Is creating unit tests in a separate project the c

2019-03-14 18:17发布

问题:

This description of how to get started with testing in Android appears inconsistent:

http://developer.android.com/guide/topics/testing/testing_android.html

It says:

A test project is a directory or Eclipse project in which you create the source code, manifest file, and other files for a test package. The Android SDK contains tools for Eclipse with ADT and for the command line that create and update test projects for you. The tools create the directories you use for source code and resources and the manifest file for the test package.

However, then it says:

You can create a test project anywhere in your file system, but the best approach is to add the test project so that its root directory tests/ is at the same level as the src/ directory of the main application's project. This helps you find the tests associated with an application.

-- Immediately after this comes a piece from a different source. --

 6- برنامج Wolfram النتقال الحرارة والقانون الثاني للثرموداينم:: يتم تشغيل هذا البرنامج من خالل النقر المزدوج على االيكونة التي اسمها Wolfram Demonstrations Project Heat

Then it shows a project structure where all of your tests are under your main project and not a separate project. Yet, if you use the ADT plugin, it will create a separate project. Which is correct, or best practice -- a separate project for unit tests, or the same project?

回答1:

It may be possible to create unit tests in a seperate project, but the way I've done it is just using a different package.

This allows you to reference any classes you may need easily while creating your assert fields.

The way I do it is have a package called com..Data.Tests and use the following to define my tests:

public class AddressValidationTest extends
    ActivityInstrumentationTestCase2<InitialActivity>

This allows you to keep everything within one project.

Hope this helps!

EDIT: It may be possible your confusion is coming from the Java terminology of projects vs. packages vs. classes. I think in this case, when they say a "project" they are referring to a stand-alone class that is able to run a unit test.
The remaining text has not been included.